> _EXCERPTED RECORDS_:
== Segment start ==
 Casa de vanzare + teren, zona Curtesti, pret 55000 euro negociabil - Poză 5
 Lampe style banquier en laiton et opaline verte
== Segment end ==
== Segment start ==
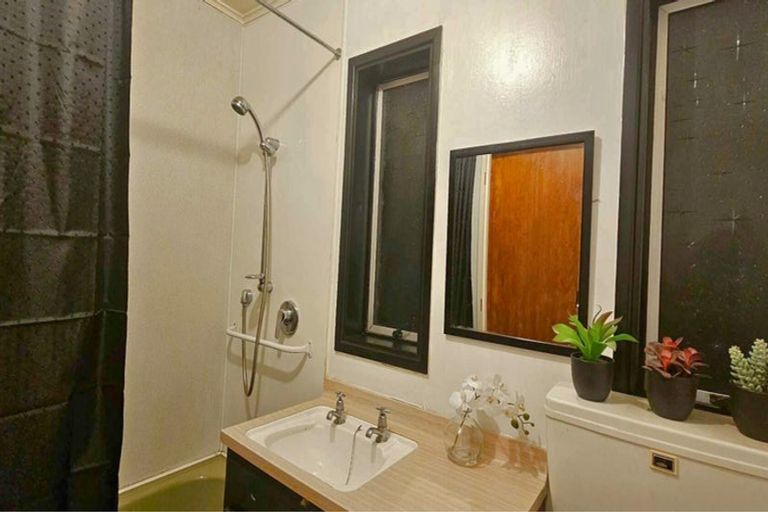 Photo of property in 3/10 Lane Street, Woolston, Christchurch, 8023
== Segment end ==
== Segment start ==
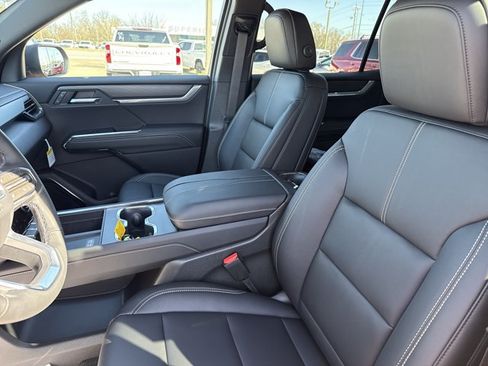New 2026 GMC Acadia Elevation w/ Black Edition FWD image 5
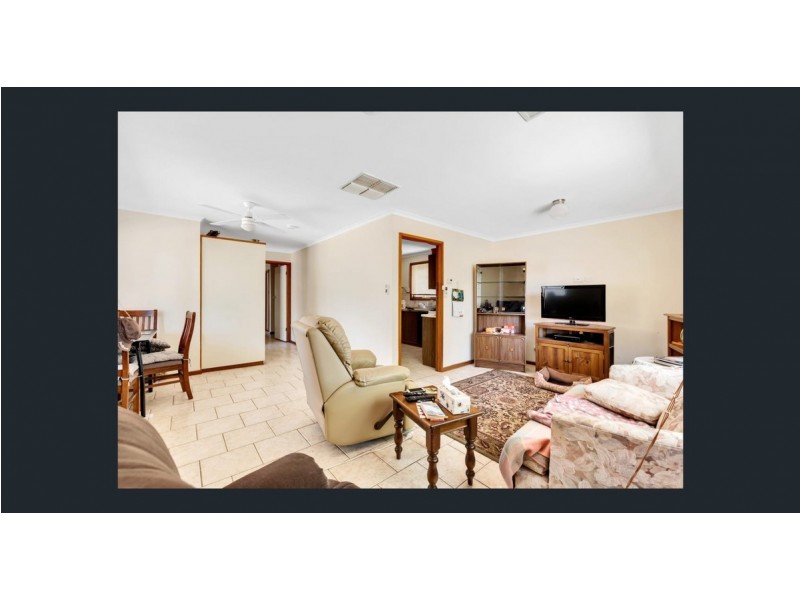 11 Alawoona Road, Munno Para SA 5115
== Segment end ==
> _REQUIREMENT_: In the listing above, the lines from the one containing "Casa de vanzare" through the one containing "Lampe style banquier" must be set down exactly, with no other lines.

> _EXERCISE SOLUTION_:
 Casa de vanzare + teren, zona Curtesti, pret 55000 euro negociabil - Poză 5
 Lampe style banquier en laiton et opaline verte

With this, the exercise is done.